Would you please copy only the lines from the line that contains "Set: Wc Sospeso" to the end of the data below, exactly, leaving every picture out?

[Scraped caption text data]
---

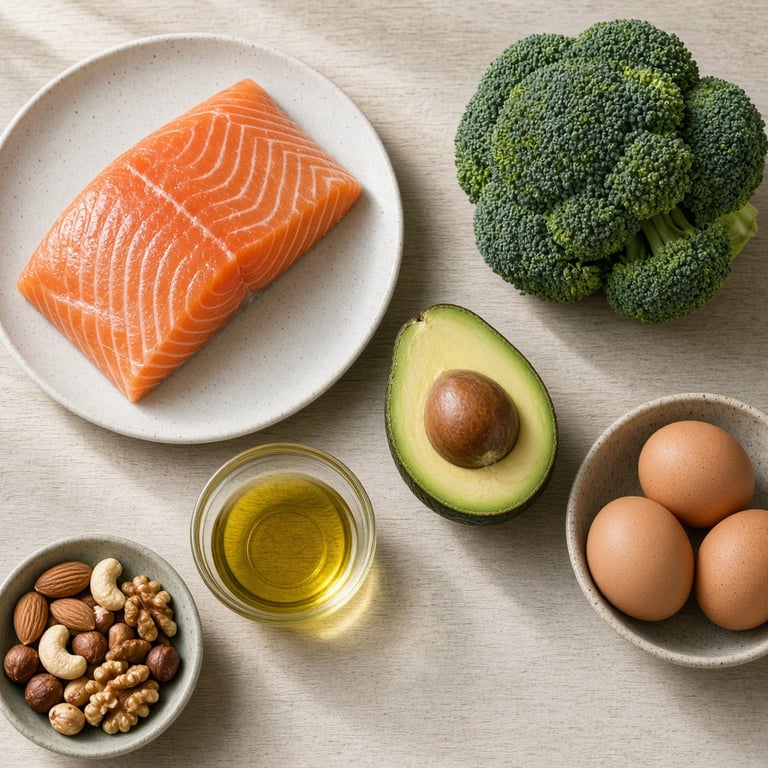 Grønnsaker, avokado, egg og fisk på et lyst kjøkkenbord som illustrerer råvarer i et ketogent kosthold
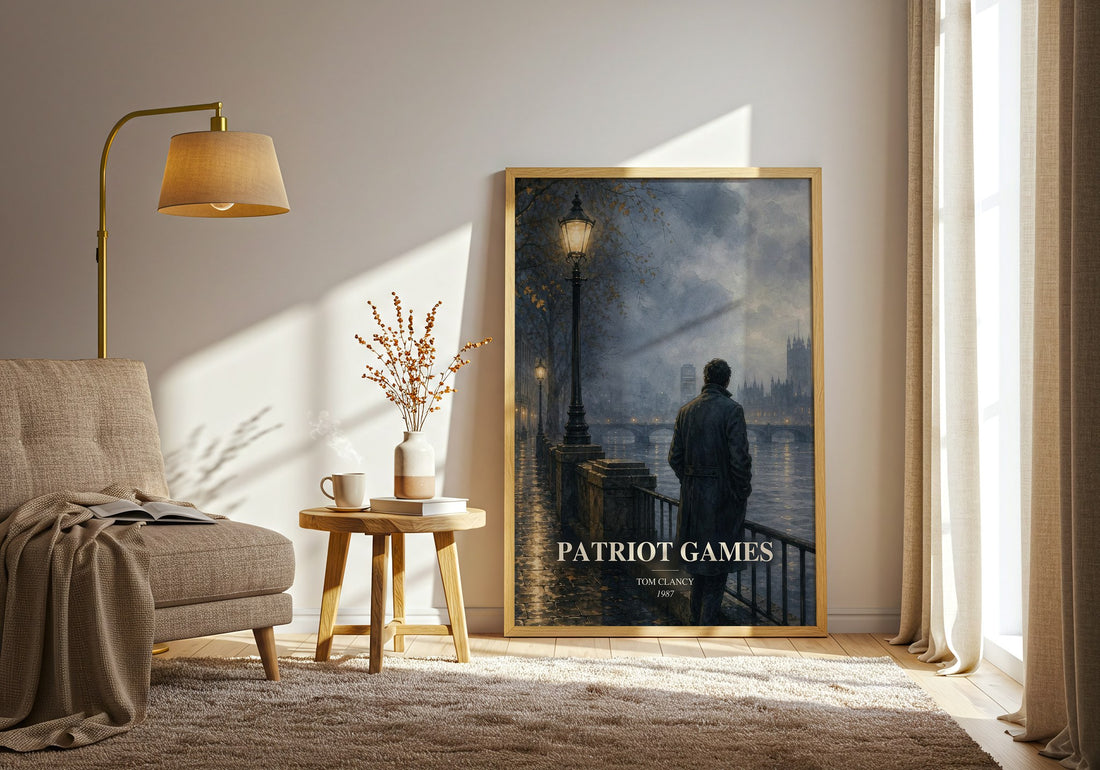 Patriot Games watercolour print in frame leaning in hallway – thriller wall art (mockup)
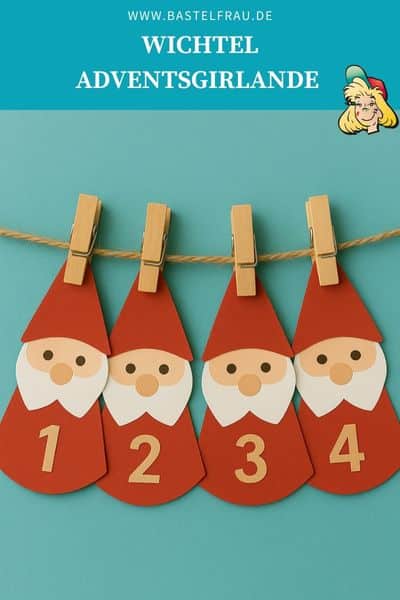 Wichtel-Adventsgirlande – fröhliche Deko mit 24 kleinen Zipfelmützen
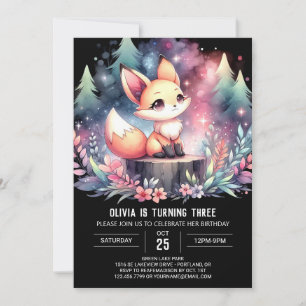 Modern Majestic Fox Birthday digital Invitation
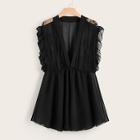Romwe Plus Contrast Lace Ruffle Plunge Mini Dress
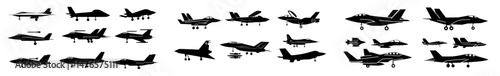 A set of icons featuring military aircraft, including fighters and bombers, is presented in silhouette form on a white background, created with modern illustration techniques
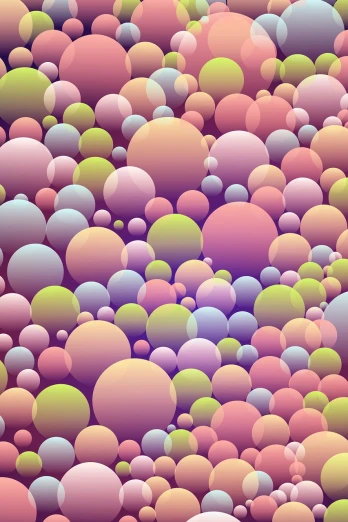 a lot of different colored balls in a field, digital art, with soft pink colors, colorful palette illustration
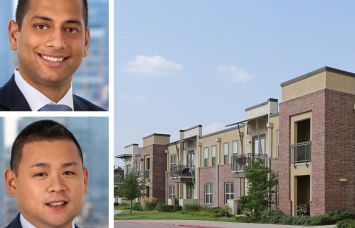 Brandon Baksh and Brian Yee of Dwight Capital and a rendering of Oxford at the Boulevard in Corinth, Texas.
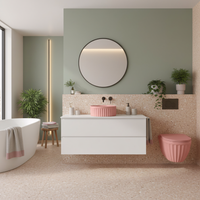 Set: Wc Sospeso + Lavabo Da Appoggio Rea Duo Sweet Pink Matt
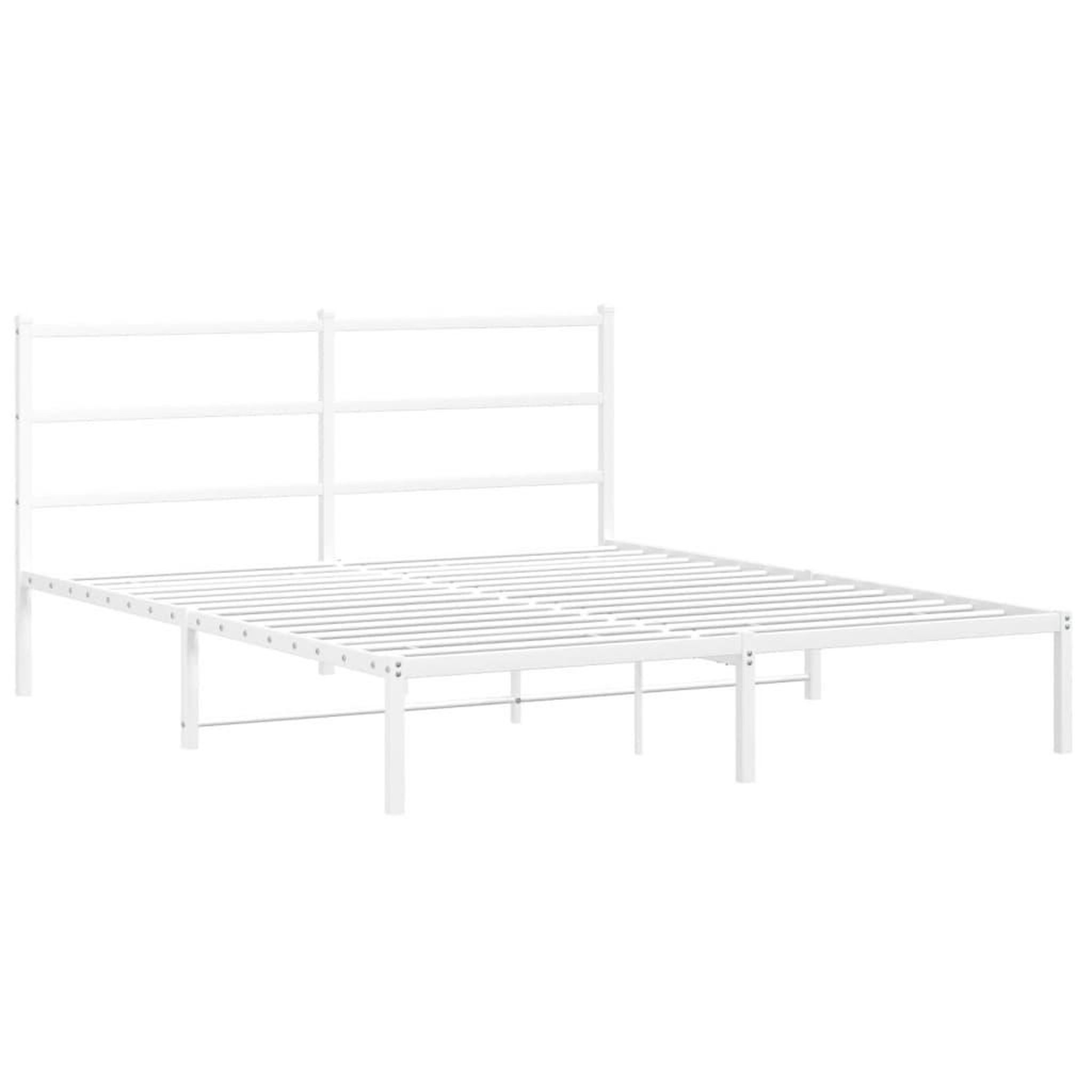 Voir la diapositive 3 : VIDAXL Cadre de lit metal sans matelas et tete de lit blanc 150x200 cm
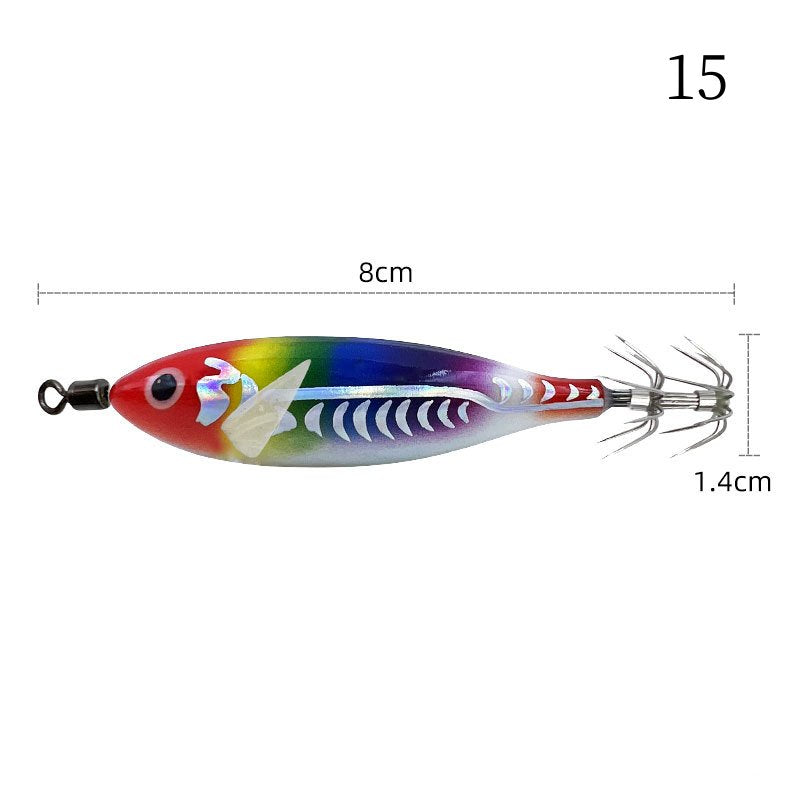 2 pc 8cm 5.7g Luminous simulated round-bellied shrimp with squid hook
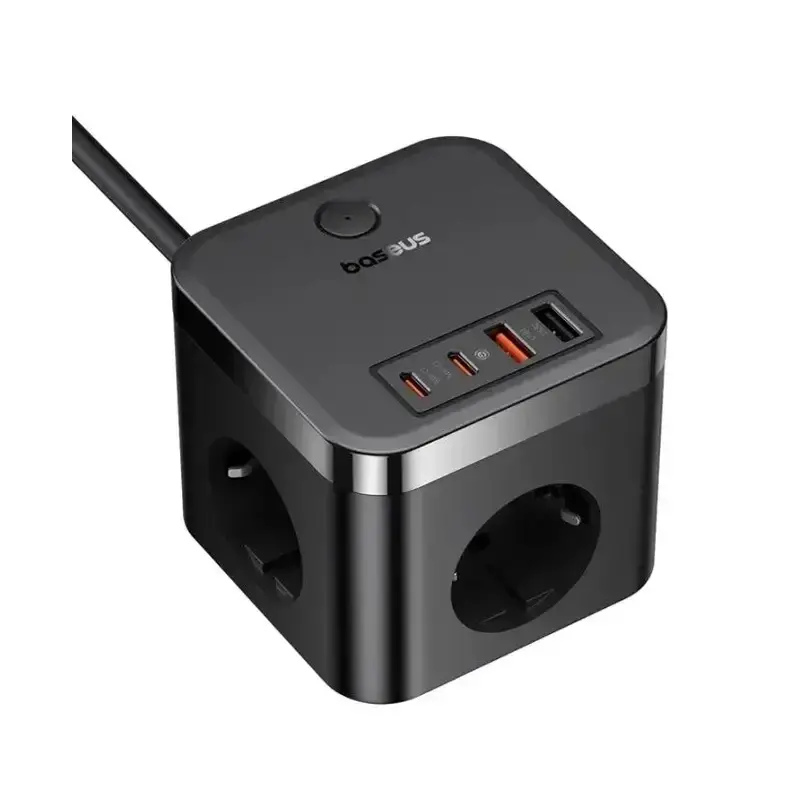 شارژر رومیزی باسئوس مدل PowerCombo 3AC+2U+2C توان 30 وات طول کابل 1.5 متر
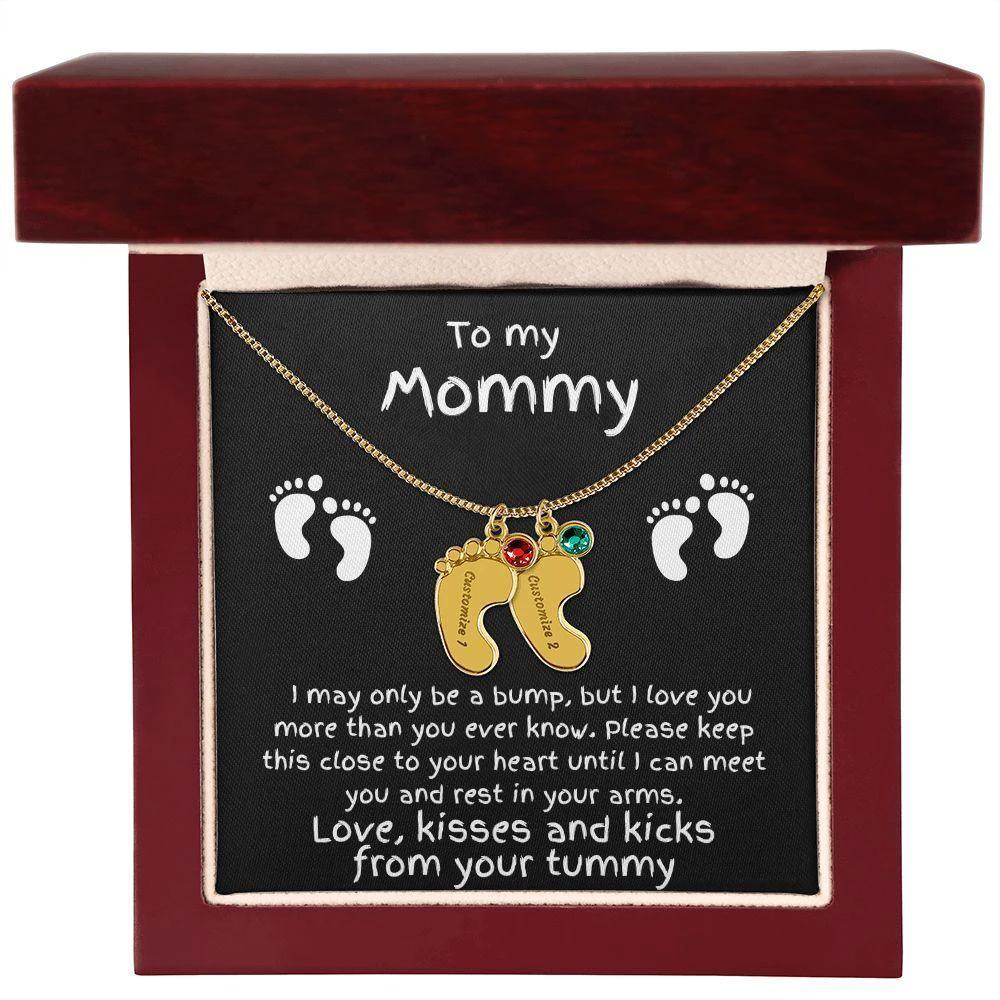Expectant Mom Gift from the Bump Engraved Baby Feet Birthstone Charm Necklace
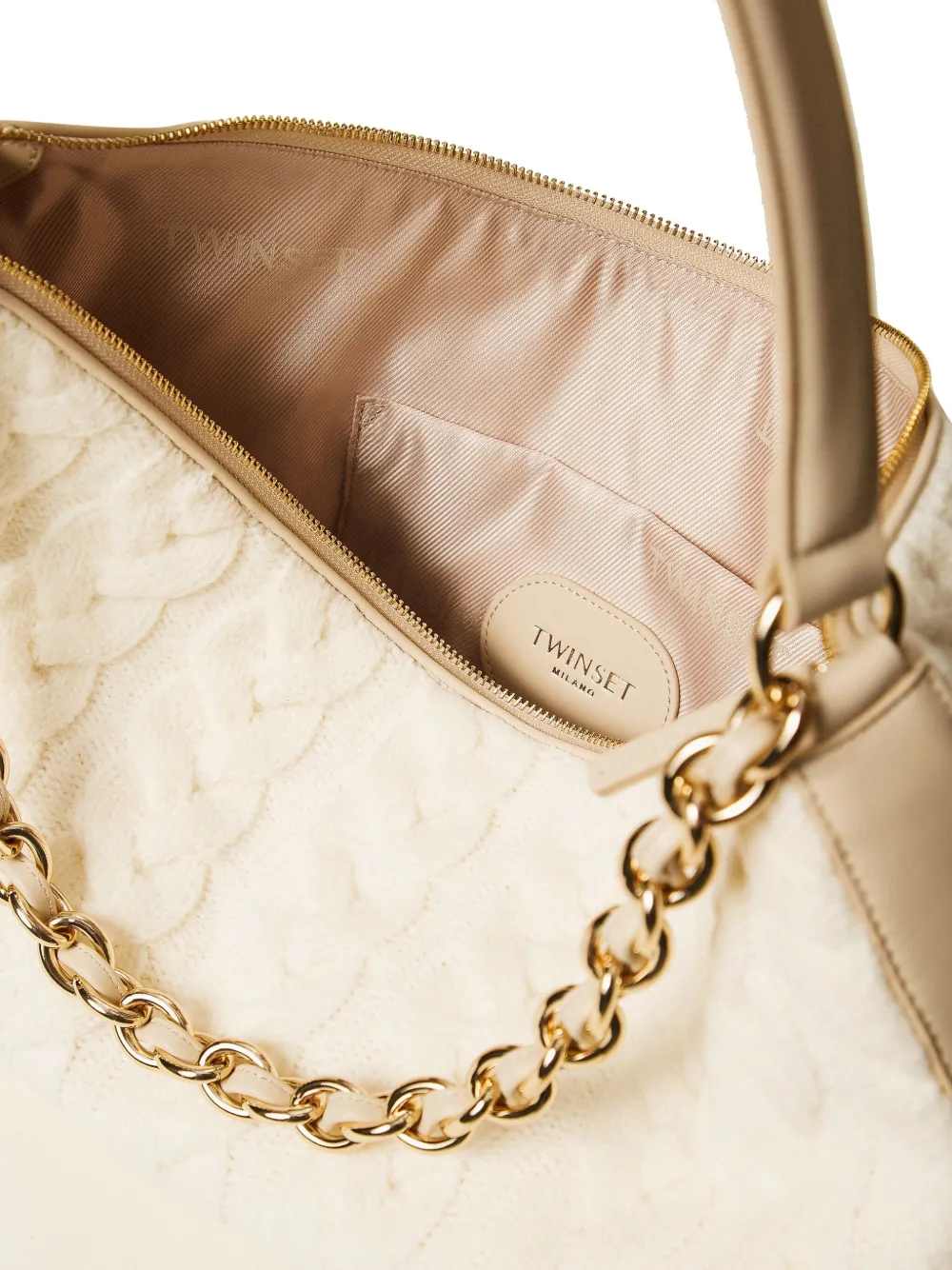 TWINSET Liliane kabelgebreide schoudertas Beige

---

> **Completed exercise**:
 Set: Wc Sospeso + Lavabo Da Appoggio Rea Duo Sweet Pink Matt
 Voir la diapositive 3 : VIDAXL Cadre de lit metal sans matelas et tete de lit blanc 150x200 cm
 2 pc 8cm 5.7g Luminous simulated round-bellied shrimp with squid hook
 شارژر رومیزی باسئوس مدل PowerCombo 3AC+2U+2C توان 30 وات طول کابل 1.5 متر
Expectant Mom Gift from the Bump Engraved Baby Feet Birthstone Charm Necklace
 TWINSET Liliane kabelgebreide schoudertas Beige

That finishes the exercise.